[Items from a data source]
=-=-=
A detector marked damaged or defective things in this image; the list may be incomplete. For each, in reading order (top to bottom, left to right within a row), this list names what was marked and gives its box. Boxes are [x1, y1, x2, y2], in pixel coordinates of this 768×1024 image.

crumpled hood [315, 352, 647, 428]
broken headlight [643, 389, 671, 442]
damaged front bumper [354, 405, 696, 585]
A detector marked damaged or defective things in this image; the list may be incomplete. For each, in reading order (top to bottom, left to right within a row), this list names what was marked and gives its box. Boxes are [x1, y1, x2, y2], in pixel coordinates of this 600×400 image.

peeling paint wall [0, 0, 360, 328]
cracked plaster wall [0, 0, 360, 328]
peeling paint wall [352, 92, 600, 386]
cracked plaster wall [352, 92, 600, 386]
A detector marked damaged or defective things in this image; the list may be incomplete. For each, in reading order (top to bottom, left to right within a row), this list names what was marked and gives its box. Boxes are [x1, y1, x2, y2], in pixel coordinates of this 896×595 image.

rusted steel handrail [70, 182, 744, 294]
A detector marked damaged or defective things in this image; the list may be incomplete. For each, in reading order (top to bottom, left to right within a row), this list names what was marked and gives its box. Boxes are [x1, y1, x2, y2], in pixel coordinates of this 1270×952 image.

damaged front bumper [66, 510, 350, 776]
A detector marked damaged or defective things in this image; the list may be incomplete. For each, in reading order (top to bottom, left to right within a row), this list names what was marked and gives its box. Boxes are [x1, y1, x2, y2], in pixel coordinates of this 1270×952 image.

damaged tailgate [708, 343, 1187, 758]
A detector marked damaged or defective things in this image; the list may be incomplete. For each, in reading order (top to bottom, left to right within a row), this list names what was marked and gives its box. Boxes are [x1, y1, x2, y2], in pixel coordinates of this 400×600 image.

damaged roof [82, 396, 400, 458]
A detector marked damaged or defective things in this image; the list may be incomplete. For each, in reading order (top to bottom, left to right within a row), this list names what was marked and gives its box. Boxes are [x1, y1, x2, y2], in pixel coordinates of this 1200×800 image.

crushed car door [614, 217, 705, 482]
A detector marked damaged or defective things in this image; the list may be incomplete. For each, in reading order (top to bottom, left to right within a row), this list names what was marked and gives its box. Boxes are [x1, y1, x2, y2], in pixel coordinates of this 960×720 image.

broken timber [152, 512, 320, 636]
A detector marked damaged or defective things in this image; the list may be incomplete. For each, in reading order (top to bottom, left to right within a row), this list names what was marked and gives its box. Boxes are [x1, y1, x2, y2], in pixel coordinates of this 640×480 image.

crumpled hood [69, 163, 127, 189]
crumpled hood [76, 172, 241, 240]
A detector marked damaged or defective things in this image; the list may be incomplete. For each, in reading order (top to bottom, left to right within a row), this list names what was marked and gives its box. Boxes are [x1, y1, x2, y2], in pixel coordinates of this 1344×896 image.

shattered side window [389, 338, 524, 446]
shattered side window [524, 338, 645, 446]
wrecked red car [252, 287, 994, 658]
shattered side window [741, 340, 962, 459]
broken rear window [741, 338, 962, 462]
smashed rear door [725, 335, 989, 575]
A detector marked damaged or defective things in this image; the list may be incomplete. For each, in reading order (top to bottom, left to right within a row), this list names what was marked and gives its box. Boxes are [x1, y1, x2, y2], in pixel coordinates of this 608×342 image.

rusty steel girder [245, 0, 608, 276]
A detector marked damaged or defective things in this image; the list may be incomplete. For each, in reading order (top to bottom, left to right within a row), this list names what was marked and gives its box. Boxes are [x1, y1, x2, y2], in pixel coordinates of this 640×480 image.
=-=-=
The problem:
Copy, without any change, the run of lines from the one with "this 608×342 image." through the end of the entries above.

Final answer:
A detector marked damaged or defective things in this image; the list may be incomplete. For each, in reading order (top to bottom, left to right within a row), this list names what was marked and gives its box. Boxes are [x1, y1, x2, y2], in pixel coordinates of this 608×342 image.

rusty steel girder [245, 0, 608, 276]
A detector marked damaged or defective things in this image; the list may be incomplete. For each, in reading order (top to bottom, left to right within a row), this list names what was marked and gives its box. Boxes are [x1, y1, x2, y2], in pixel coordinates of this 640×480 image.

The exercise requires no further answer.